I can see a crease along along this "folded" metal and it has dirt in it, that crevice would not be present if it was struck with dies under tons of pressure.

Re: Please Help me identity this Error it is not post strike

Posted: Sun Feb 15, 2015 2:49 pm
by bomber7777
ok answer this question, how is it possible for the writing to be on the rim that matches underneath perfectly, there is no process post mint strike that can take the lettering off the coin and then put on the rim where the folded over metal is,,,,so answer how that happened?--if you can tell me how the writing is ON the folded over part of the metal (not showing thru it), I could understand and not be so persistent, I agree with you, I thought this coin was not mint myself at first glance, but I am telling you, if you saw this coin, you would have to wonder.....could this be a one in a million mint error?--just possibly?---if this is in fact a mint strike coin, it would be one of the rarest ever, correct?

Re: Please Help me identity this Error it is not post strike

Posted: Sun Feb 15, 2015 3:24 pm
by PetesPockets55
Hey Bomber 7777.
Daniel has given you some very detailed descriptions of how the minting process works and why it is NOT a mint error. You seem convinced otherwise.
Got an experiment for you to try that might help answer your question about "How?"
Take a regular coin similar to yours and two pieces of angle iron or flat steel (the heavier the better).
Put the coin on its edge between the two metal pieces and roll the coin back and forth while you exert pressure down on it. I believe the more you roll it the more it will "wobble" and roll the edges of the coin over on itself. It might not give you an exact duplicate of your coin but it may help you visualize how it could have been done.
Another thing that might give the same effect is one of those "rolling" knife sharpeners that you put your knife blade into ("V" shaped slot for the blade) and roll it on the counter. Friction can do "wonderful" things to metal!
OR ... Google "coin shop or clubs" within your zip code that you would be able to bring it in to maybe get an answer to your doubts.
No matter what the outcome, keep posting pics and questions. We all like learning from each others posts. :thumbsup:

Re: Please Help me identity this Error it is not post strike

Posted: Sun Feb 15, 2015 5:11 pm
by Paul
how about more BETTER pictures?

Re: Please Help me identity this Error it is not post strike

Posted: Sun Feb 15, 2015 5:49 pm
by Daniel
I don't see any lettering on the folded rim metal, but if it's incuse then another coin could have been used. If it looks like regular lettering, not mirrored or upside down, then the folded metal could be thin enough to take on the shape of the letter underneath.

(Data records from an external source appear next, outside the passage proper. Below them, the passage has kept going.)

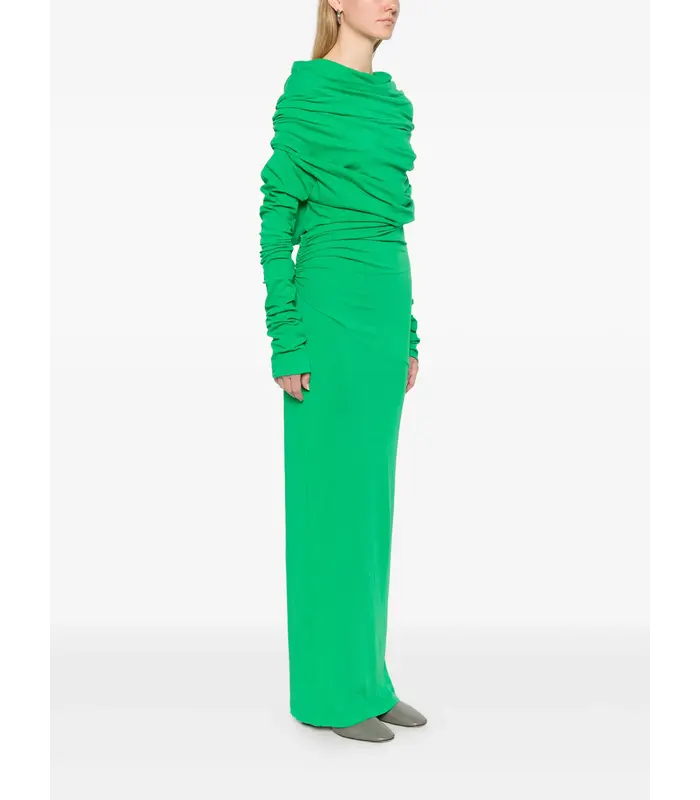 BOUND MIDI DRESS WOOL BOTTLE GREEN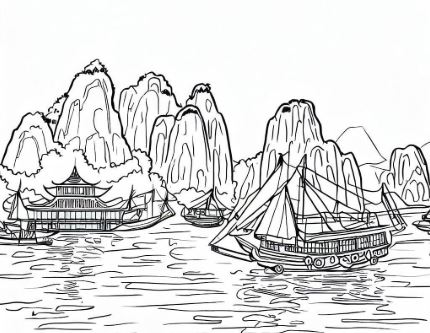 Sáng tạo cùng tranh tô màu Vịnh Hạ Long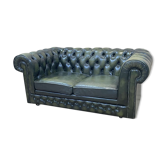 Chesterfield sofa in green leather 2 places from the 70s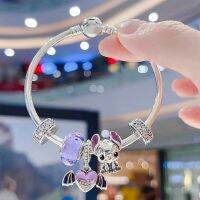 Cute Stitch Charms Bangles Men Disney Anime Purple Bat Wings Heart Pendant Bracelet For Women Glass CZ Spacer Beads Fine Jewelry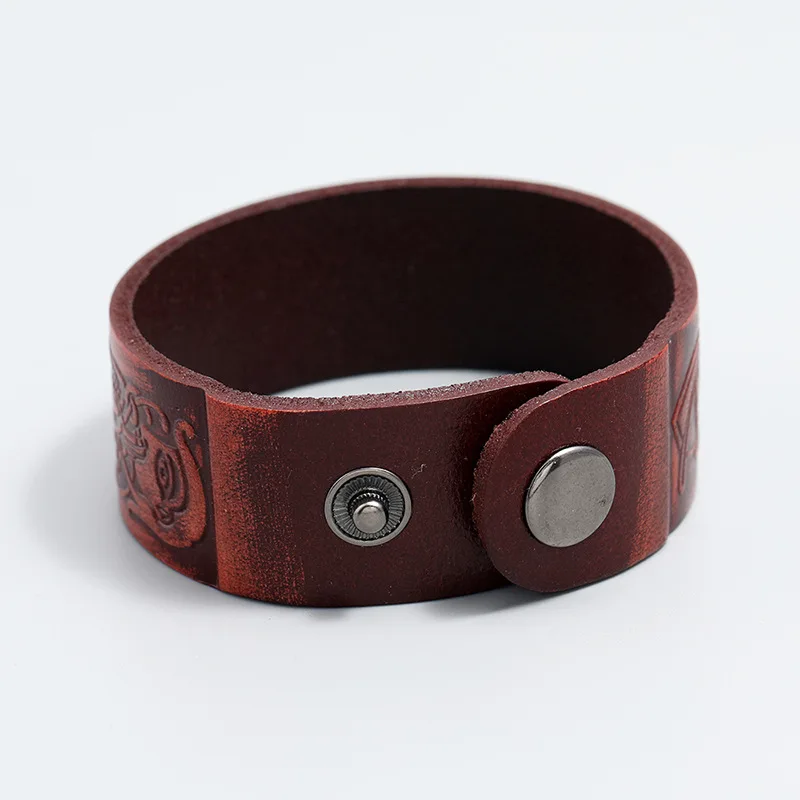 Vintage Genuine Leather Emboss Ancient Egyptian Totems Bracelet Men Wide Retro Simple Cuff Bracele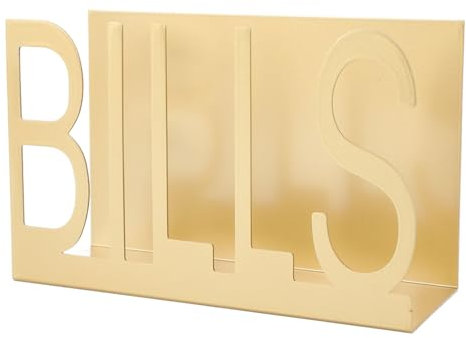 Stilvolle Metall Briefhalter, Schreibtisch Postorganisator mit Cutout Design für Briefe und Dokumente (Gold)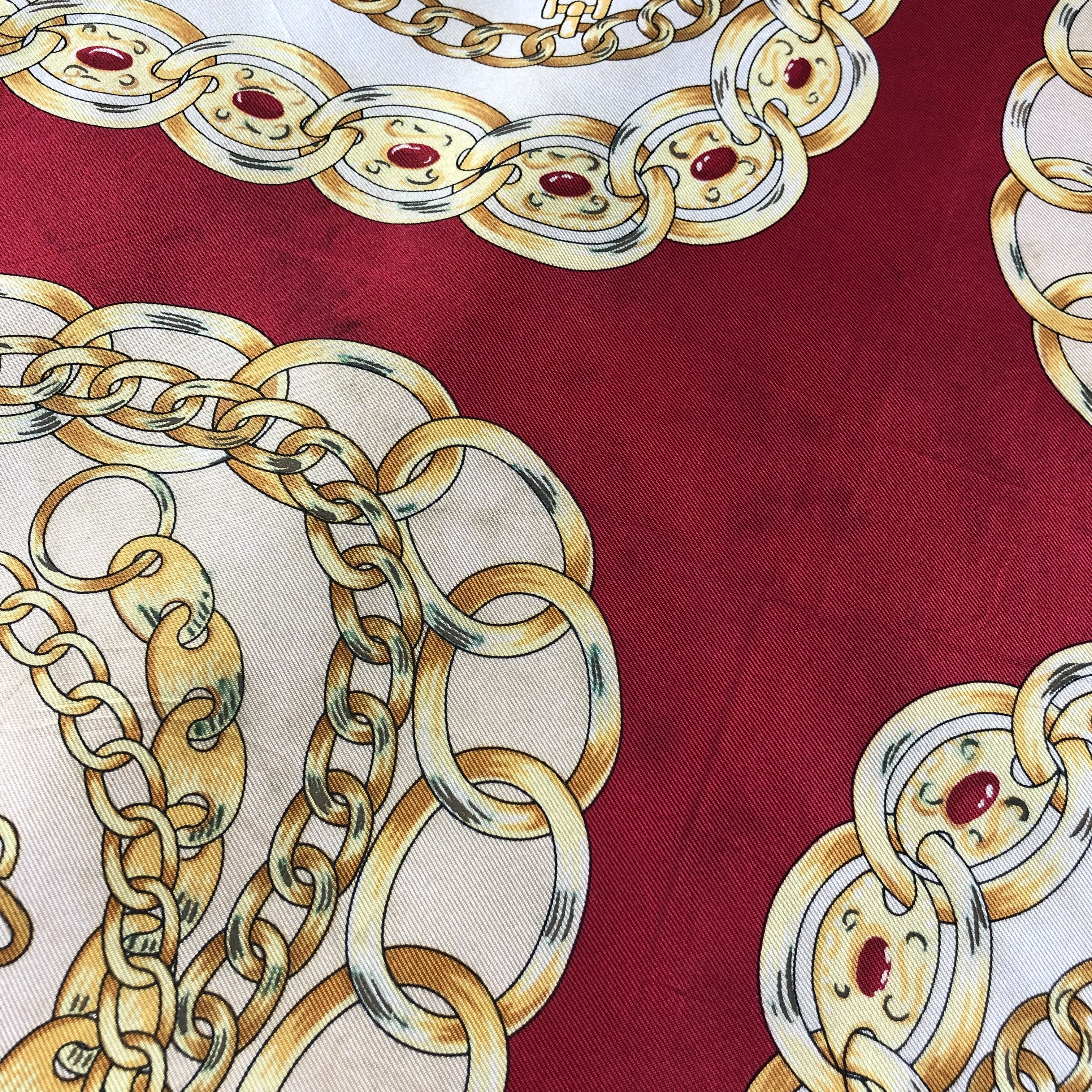 Vintage Vivi Fleurs Luxury Gold Chains Silk Scarf M474 Size ONE SIZE - 8 Thumbnail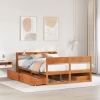 Estructura de cama sin colchón madera maciza marrón 135x190 cm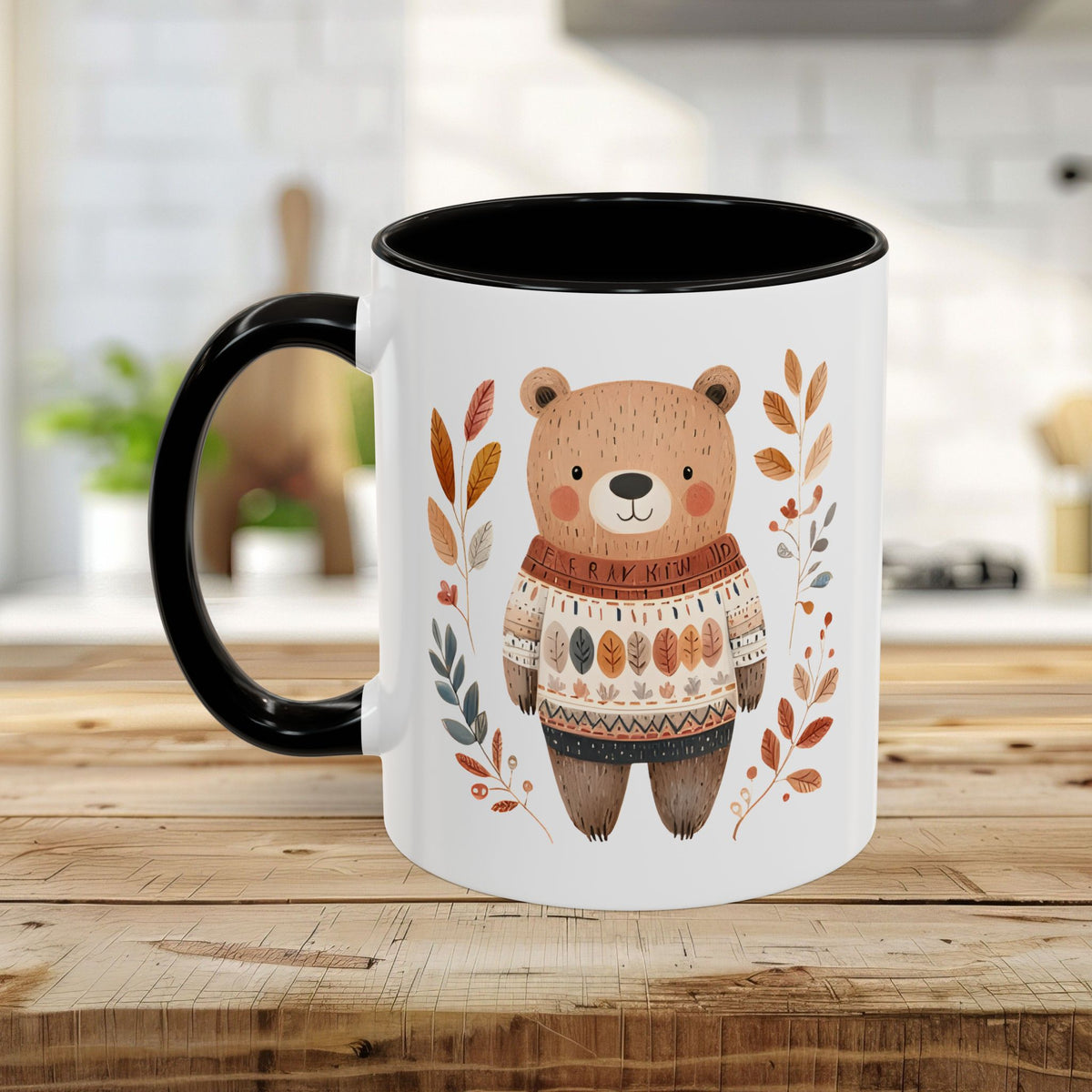 Autumn Bear in Sweater with Foliage Mug (11/15oz)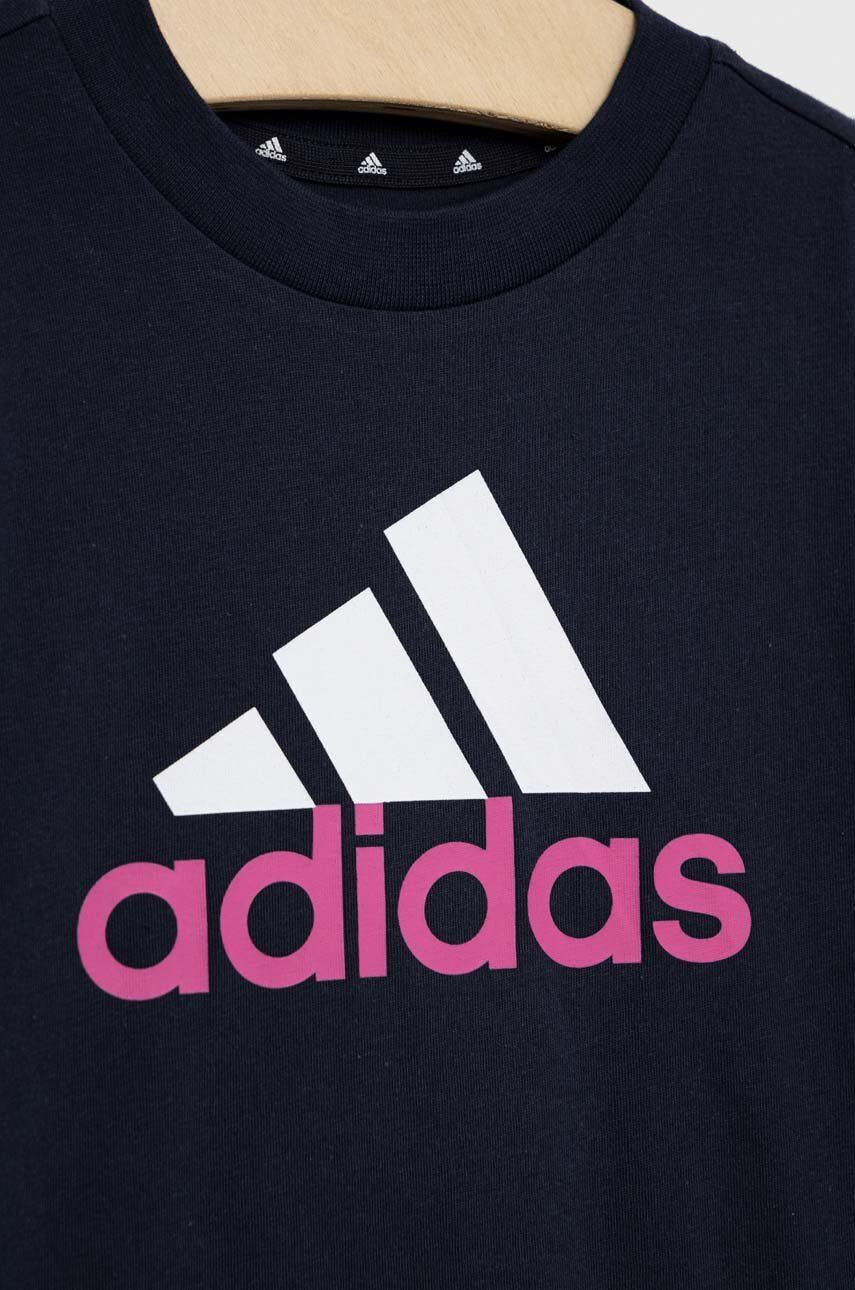 adidas Dětské bavlněné tričko U BL 2 TEE tmavomodrá barva s potiskem - Pepit.cz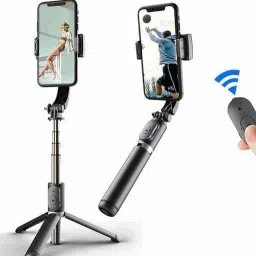 Jaggo Lal Stable Q08 Gimbal Black Sleek Design 3 Axis Gimbal for Mobile, Camera image 5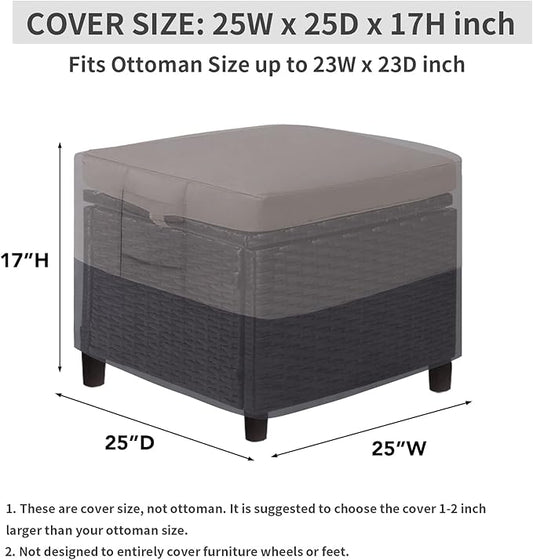 Easy-Going Outdoor Ottoman Cover, Waterproof Patio Ottoman Cover, Heavy Duty Outdoor Furniture Cover with Padded Handles (1 Pack-25"x25"x17", Gray/Dark Gray)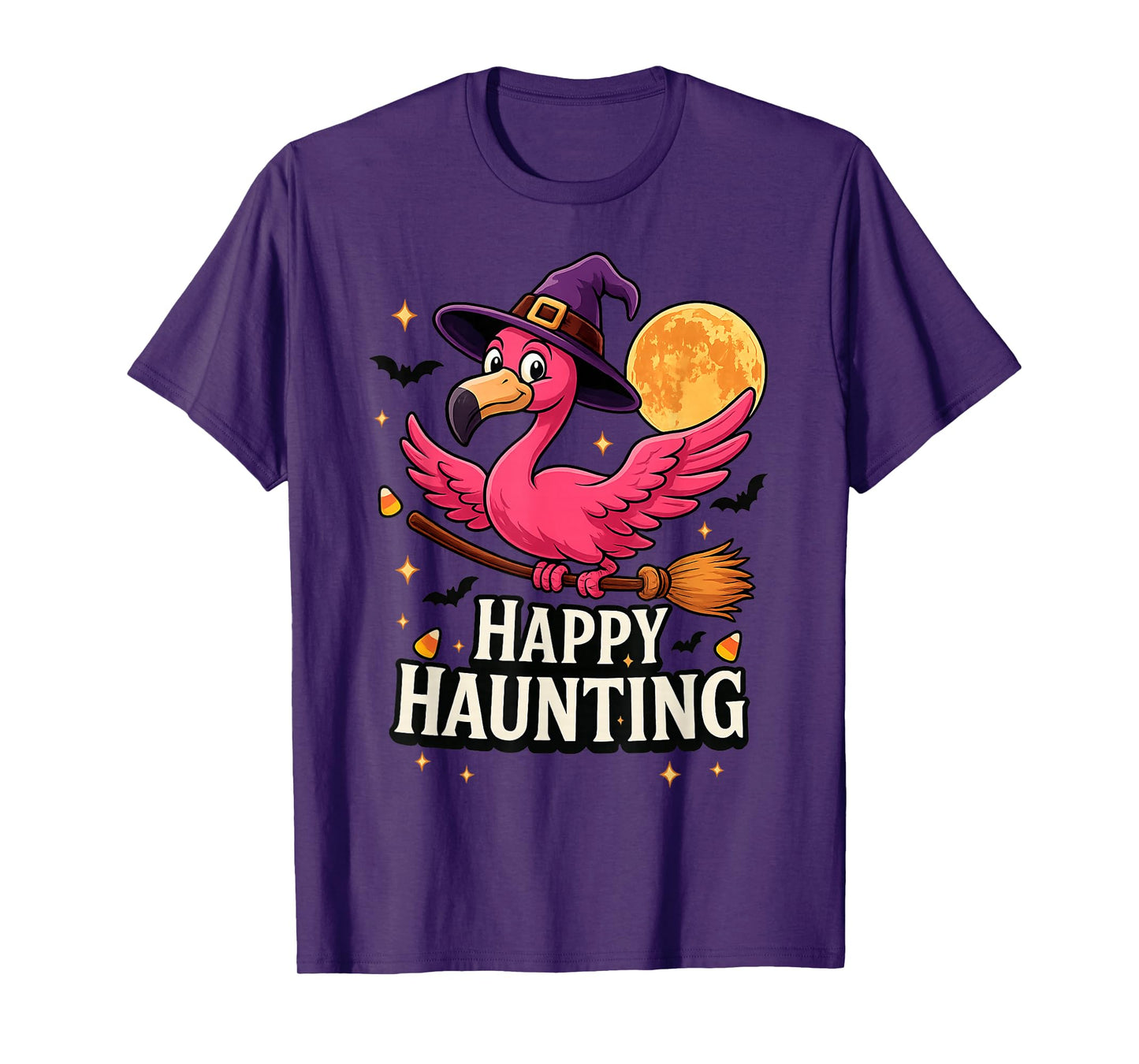 Halloween Pink Flamingo Witch Happy Haunting Women Kids Girl T-Shirt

If the die struck this coin a second time, after this fold, (even IF it could happen) then the lettering would be as obvious as the original strike and the folded metal would be smashed flush with, and like the rest of the coin. No way could the die strike letters on this raised and folded metal and not smash it flush and impart obvious lettering.

Please feel free to post better images, it helps to have better images.